On the other hand, for complexes of organosulfur compounds containing benzene rings, it was found that B-Thio and DBT adsorption geometries are quite similar on the active sites of the C-doped BNNR with impurities substituted on the boron lattice, although the adsorption energy of the DBT molecule is slightly higher. The magnitude of $E_i$ in conformation <<1>> for B-Thio and DBT is higher than the complexes of <<2>>, independently of the arrangement of dopants in the BNNRs. From the adsorbed state of the highest $E_i$ for B-Thio, it was found that the B-Thio molecule was tilted (~51° with respect to the surface plane), tight interactions were found in that adsorbed state due to the formation of a hydrogen bond (2.47 Å) between the H of the aromatic ring with a N atom of the BNNR_BC and the direct interaction of the lone pairs of the sulfur atom with the most electrophilic region of the BNNR_BC.
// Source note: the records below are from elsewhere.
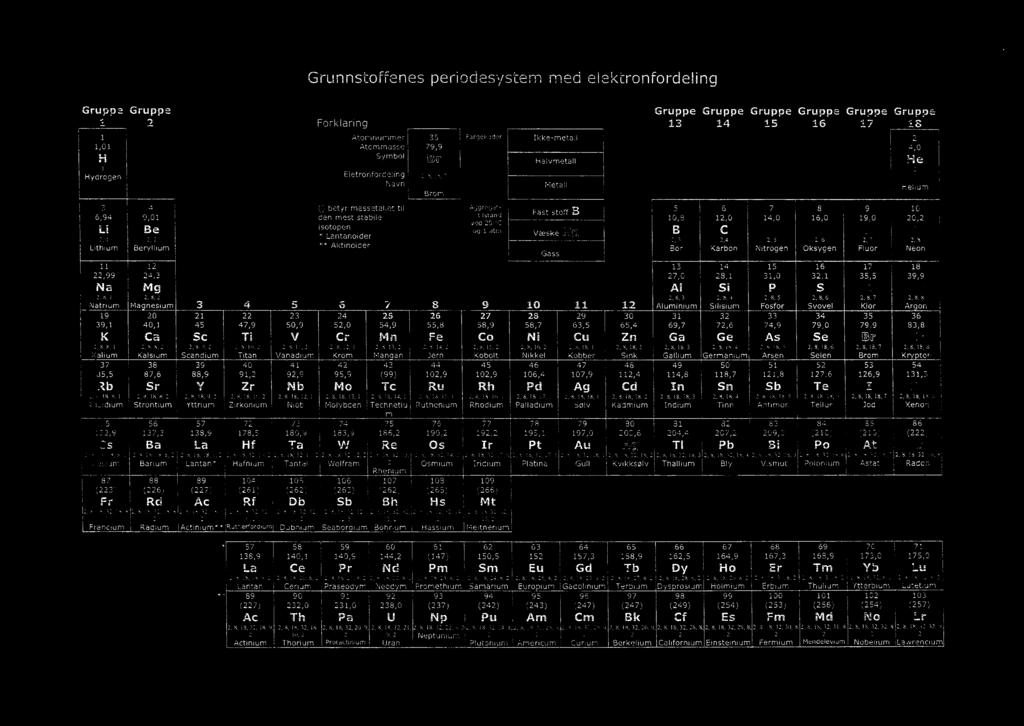 Ikke-metall Halvmetall 2 4,0 He 2 9 27 58,9 Metall Fast stoff B Væske Gass N Helium 5 6 7 8 9 10 10,8 12,0 14,0 16,0 19,0 20,2 B C N 0 F Ne 2, 3 2,4 2, 5 2, 6 2, 7 2, B Bor Karbon Nitrogen Oksygen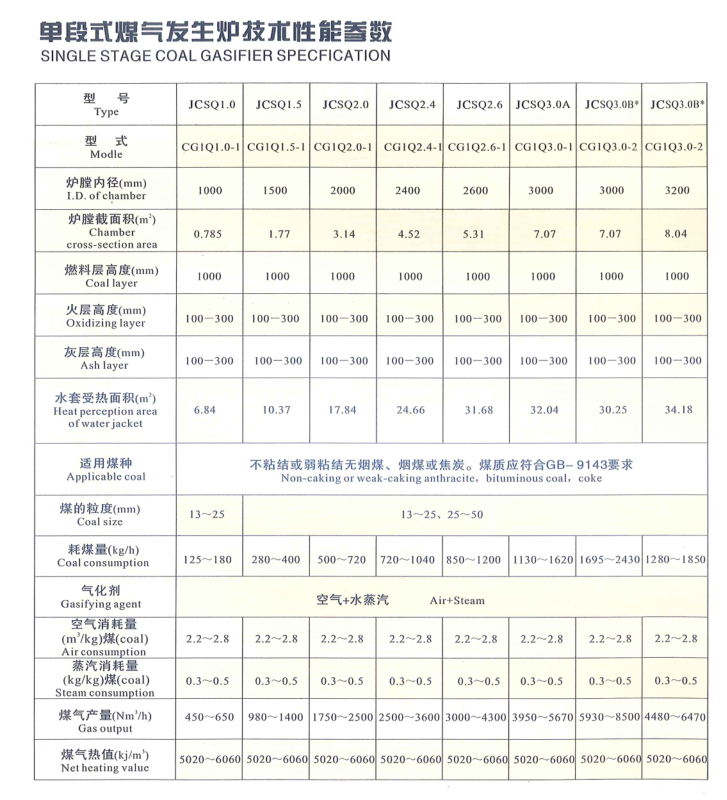 单段式煤气发生炉技术性能参数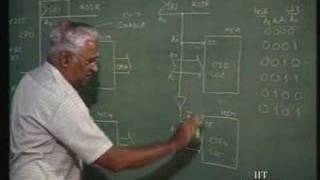 Lecture  16 CPU  Memory Interaction [upl. by Veejar]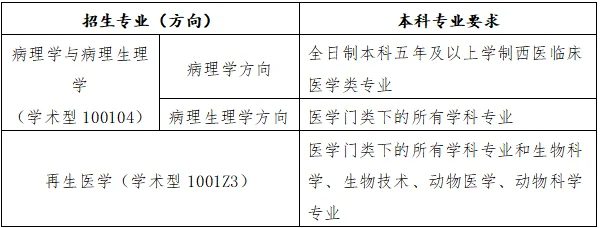 通知图片1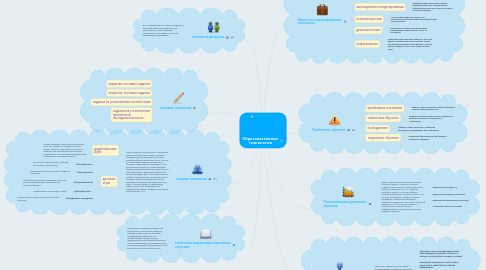 Mind Map: Образовательные технологии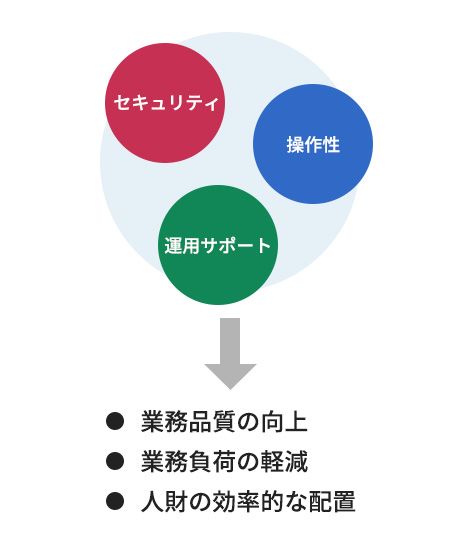 業務品質の向上。業務負荷の軽減。人財の効率的な配置。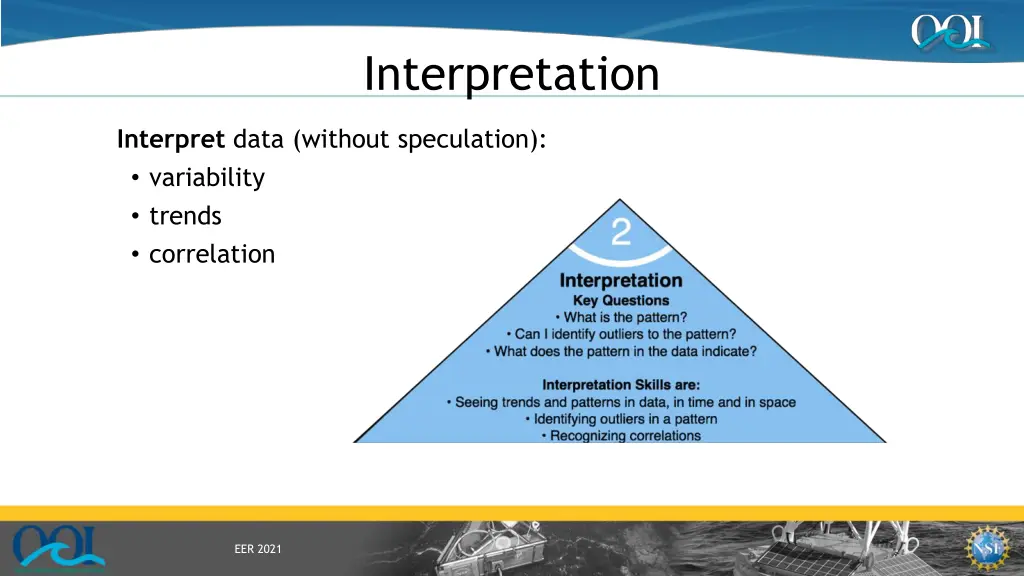 interpretation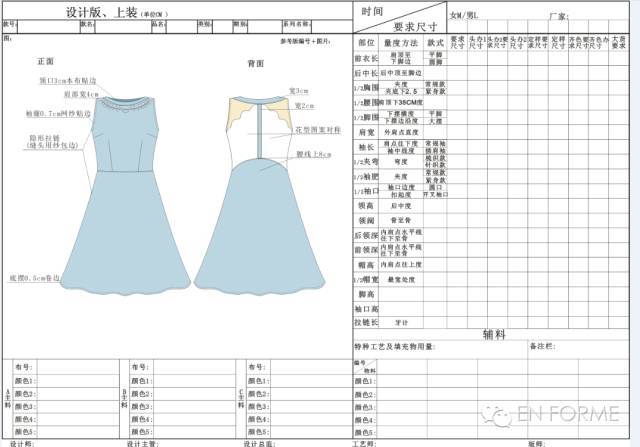 產品設計中的必備技能 學習服裝設計電腦繪圖的五大理由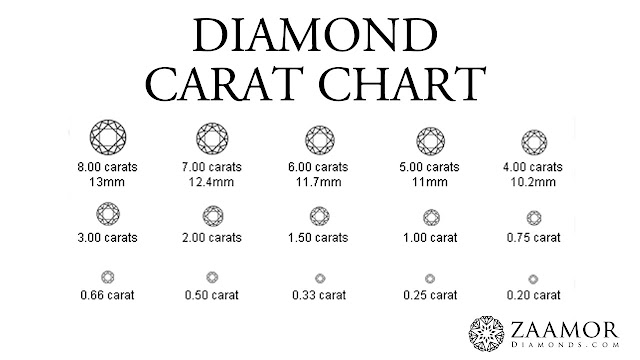  Diamond Carat Chart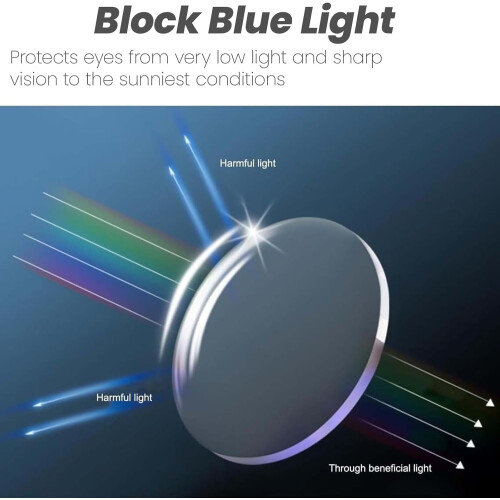 Blue Ease Optics Clear Auto-Zoom leesbril 2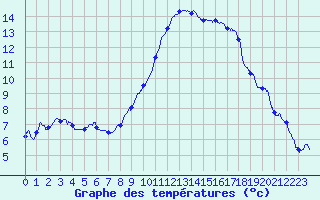 Courbe de tempratures pour Le Luc - Cannet des Maures (83)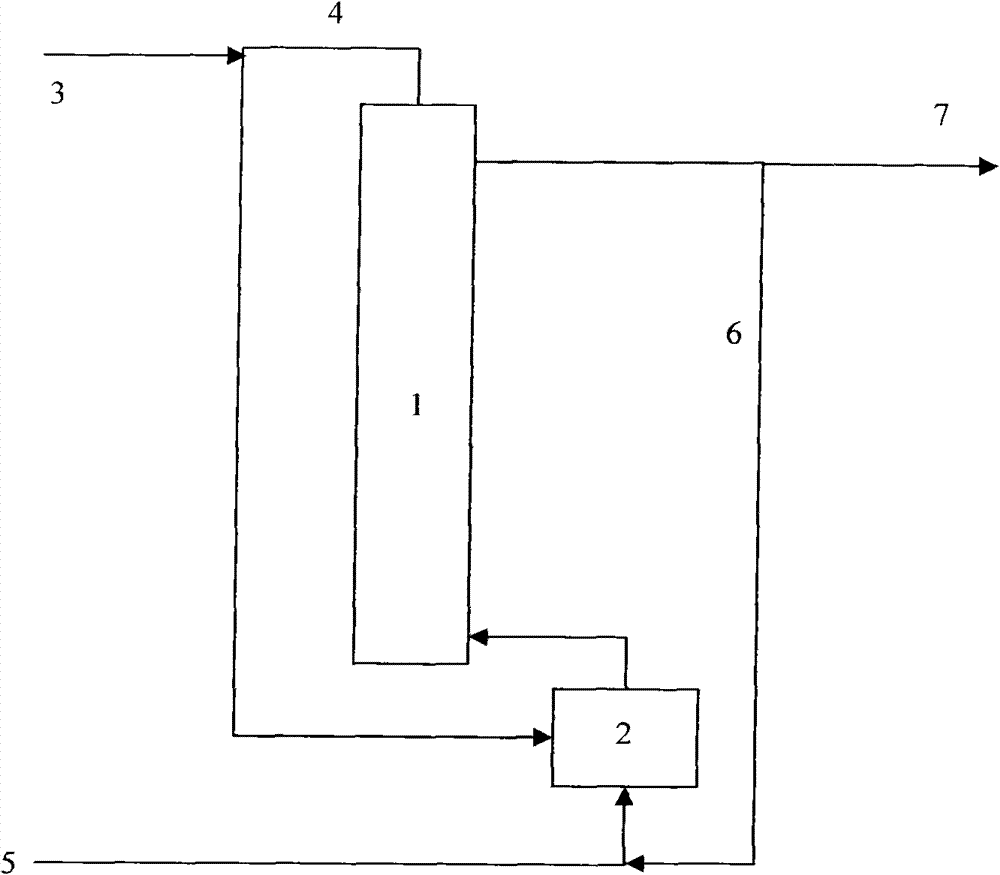 Method for enhancing gas-liquid mass transfer of ebullated bed hydrogenation reactor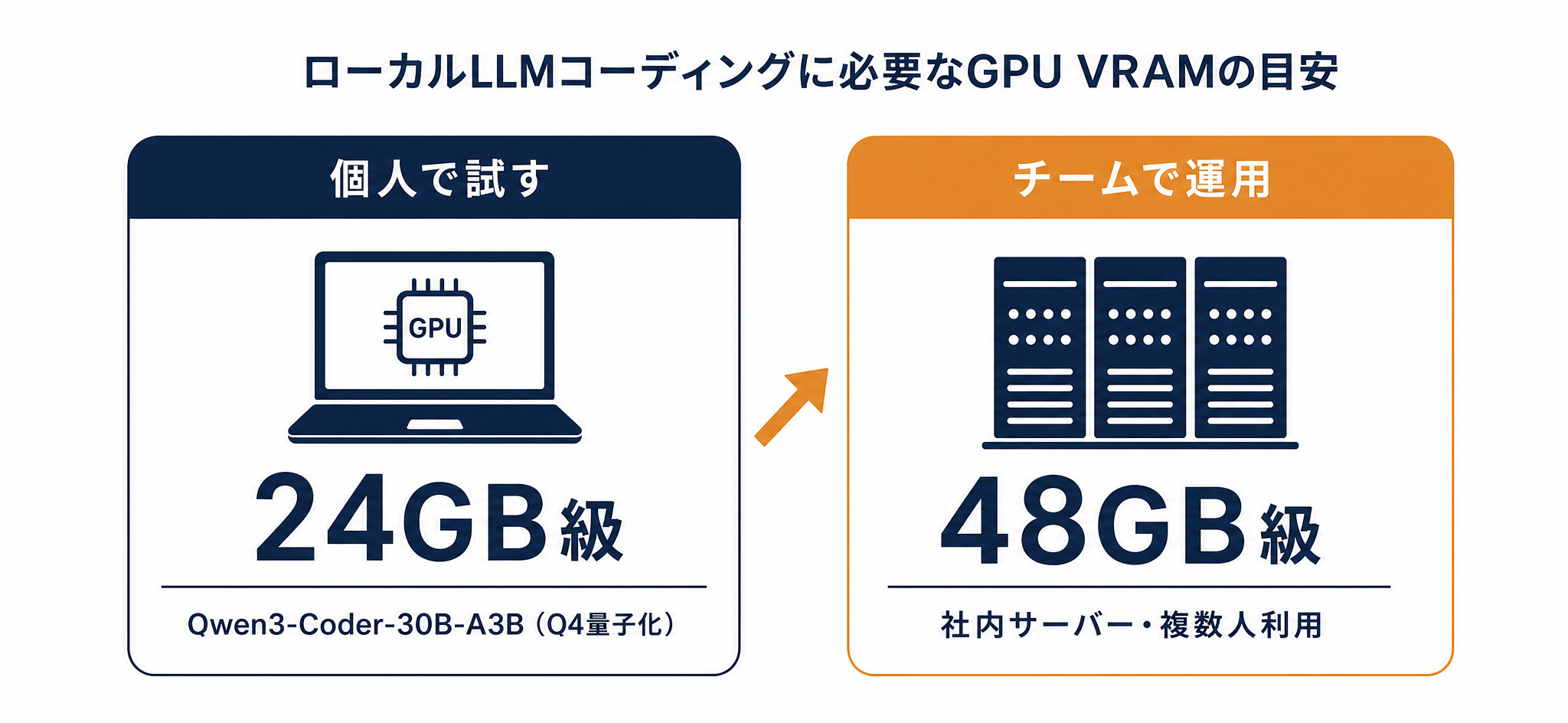 ローカルLLMコーディングに必要なGPU VRAMの目安(個人24GB級・チーム48GB級)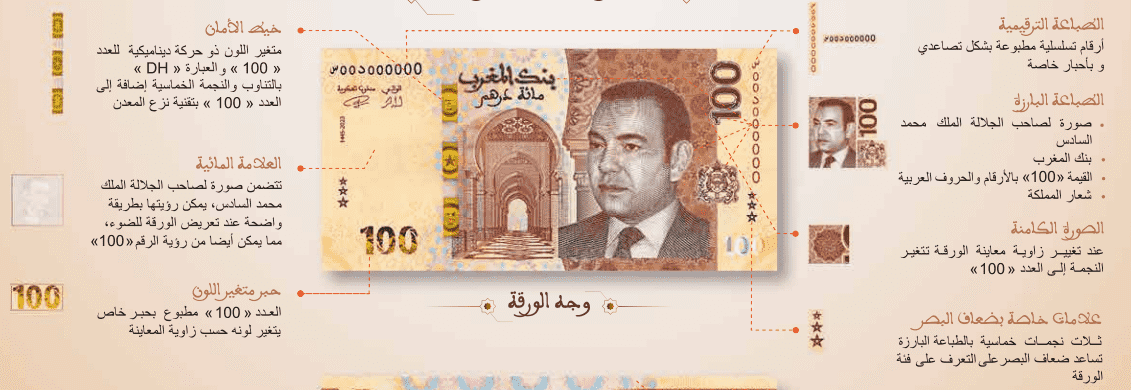 بنك المغرب يطرح للتداول ورقة بنكية من فئة 100 درهم وقطع نقدية جديدة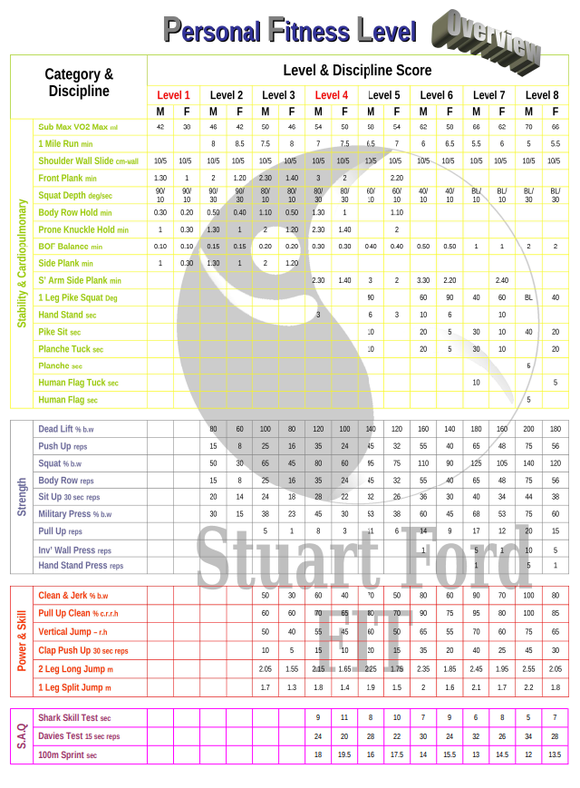 Compare your fitness level to the rest of the Western population, with this free fitness testing tool and fitness program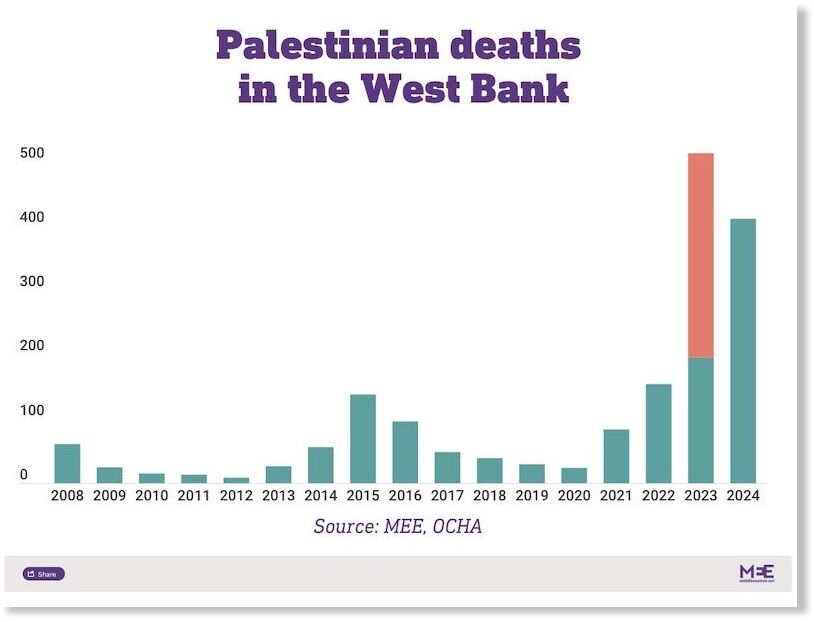 Palestinian deaths west bank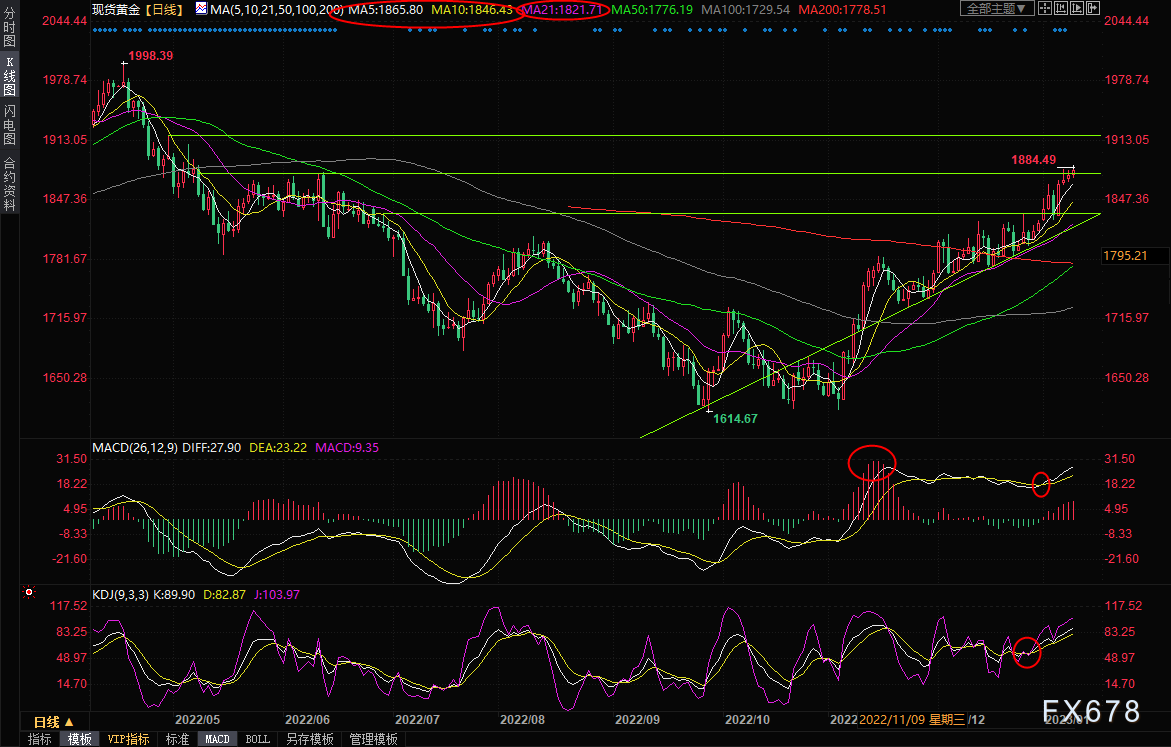 现货黄金交易策略：预期通胀增速放缓，黄金再攀七个月新高，后市剑指1920？-第1张图片-翡翠网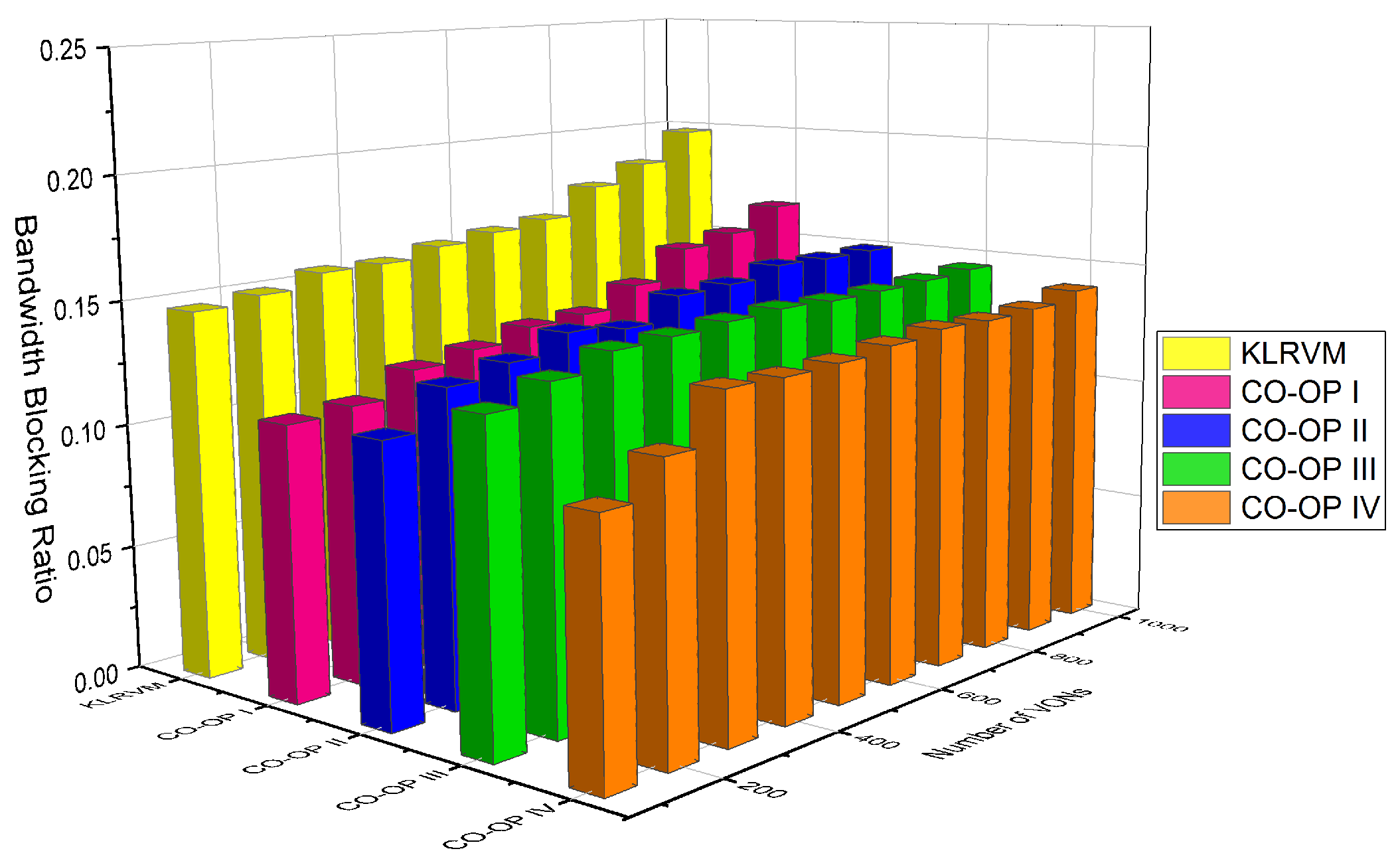 Sensors 21 07821 g007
Based on the conformations of the adsorbed state of the DBT molecule, it was found that DBT is adsorbed in both the planes parallel and perpendicular to the C-doped BNNRs; the adsorption geometries are shown in Figure 7c,d, respectively. In the parallel plane adsorbed geometry, the DBT is stabilized due to the fact that sulfur pairs participate less in the electrophilic zones of the surface, with the long-range interaction between the π-π* system of the thiophene ring of the DBT molecule and the most electrophilic zone of the BNNR_NC being the most important interactions. Indeed, regarding the complexes formed between B-Thio and DBT on the C-doped BNNRs with dopants substituted on the N lattice, they converged to parallel configurations with respect to the surface (see Supplementary Materials for details), involving the direct interaction between the thiophene ring of the organosulfur compound with the most electrophilic region of the BNNRs. This fact is probably due to both of the nearest B atoms to C having one unoccupied π orbital, and then the lack of π electrons of the B – C – B atoms interacts strongly with the aromatic thiophene ring, which is in agreement with results of the MEP isosurfaces shown in Figure 5. Figure 7d shows the complex formed for the DBT on the BNNR_BC; note that the configurations of both aromatic organosulfur molecules considered in this work are tilted in such adsorbed states (~54°), which is in agreement with other complexes involving organosulfur compounds adsorbed on C-based doped nanomaterials [53].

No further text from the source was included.